Database theory, your friend for success.
In the past weeks I've read several articles / blog-posts and other digitally expressed thoughts about relational databases, query systems and how they all suck compared to K/V stores, CQRS, OODBs or whatever Hype of the Day-term. While most of them were simply re-labeling 20+ year old common knowledge, others were pretty stupid and downright sending the (novice) reader the wrong message. With 'wrong' I mean: the conclusions are based on false 'facts', assumptions and hand-waving n==1 pseudo-science.
Instead of writing a long essay here, I'll quote from and link to several Wikipedia articles and other articles which can help you learn about what relational models, databases are all about, what the theory is they're based on, why they work and what tools (as in: methodologies) are at your disposal. It's not meant to sell you the picture of 'OODB==bad, RDBMS==good', as that would be silly and as short-sighted as the articles I mentioned above. Instead you should see this small subset of knowledge about relational models and databases as a starting point for yourself when you are researching what to use and how to face a problem domain. After all, you can only make an informed decision if you know what you're talking about.
Relational model and theory
Relational databases are based on the relational model as described by E.F. Codd. Its core is based on predicate logic, and operations on the model are based on relational algebra which is a form of predicate logic.
Links:
- Relational model: http://en.wikipedia.org/wiki/Relational_model
- Relational algebra: http://en.wikipedia.org/wiki/Relational_algebra
- Peter Chen: The Entity Relationship model: http://www.csc.lsu.edu/news/erd.pdf
Why is this so important? It's important because it will teach you what the idea is behind grouping attributes together to entities and use them to define the meaning of data and above all: creating new entities from them by using projections.
Normalization and De-normalization
Relational models are in a given normal form. This normal form is a way to describe how much redundant information is stored in the data set defined by the relational model. To transform a model from a lower normal form to a higher normal form is called normalization. The other way around is called de-normalization. Normalization is considered a good thing because it solves various problems which arise with redundant information in a de-normalized model, if you perform data manipulation operations.
Links:
- Normalization: http://en.wikipedia.org/wiki/Database_normalization
- De-normalization: http://en.wikipedia.org/wiki/Denormalization
Important quote, which should describe for you why normalization is a Good Thing:
Normalized tables are suitable for general-purpose querying. This means any queries against these tables, including future queries whose details cannot be anticipated, are supported. In contrast, tables that are not normalized lend themselves to some types of queries, but not others
This is precisely the point of using a relational model: you store data in a model which gives it meaning in a general form, so you can create new information from it by using relational algebra, in such a way that it doesn't matter what query you might need in the future, it's already suitable for dealing with that.

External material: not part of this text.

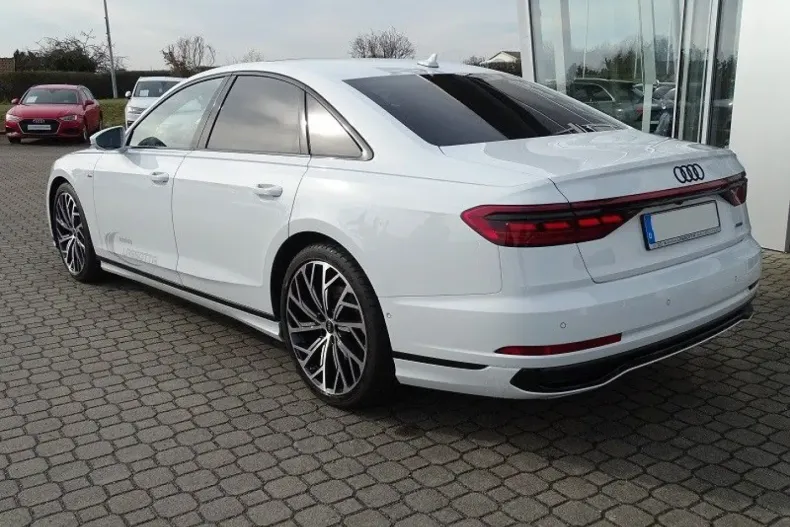 Audi A8 din 2023 cu 29.000 km - oferta AUD124680 - foto 10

Normalization has a downside: for reading data it could lead to performance intensive operations. For performance reasons, relational models sometimes get a de-normalized variant. This variant is then used for situations where a lot of queries have to be ran on many different tables with many joins to obtain the result requested. To use a copy of the data for reads, in an optimized de-normalized form, by projecting the data (using normal relational algebra) from the normalized model to the de-normalized model, read queries can be sped up drastically. As the de-normalized form is a copy of the original data, and isn't used for data manipulation, it doesn't run into the downsides of a de-normalized model.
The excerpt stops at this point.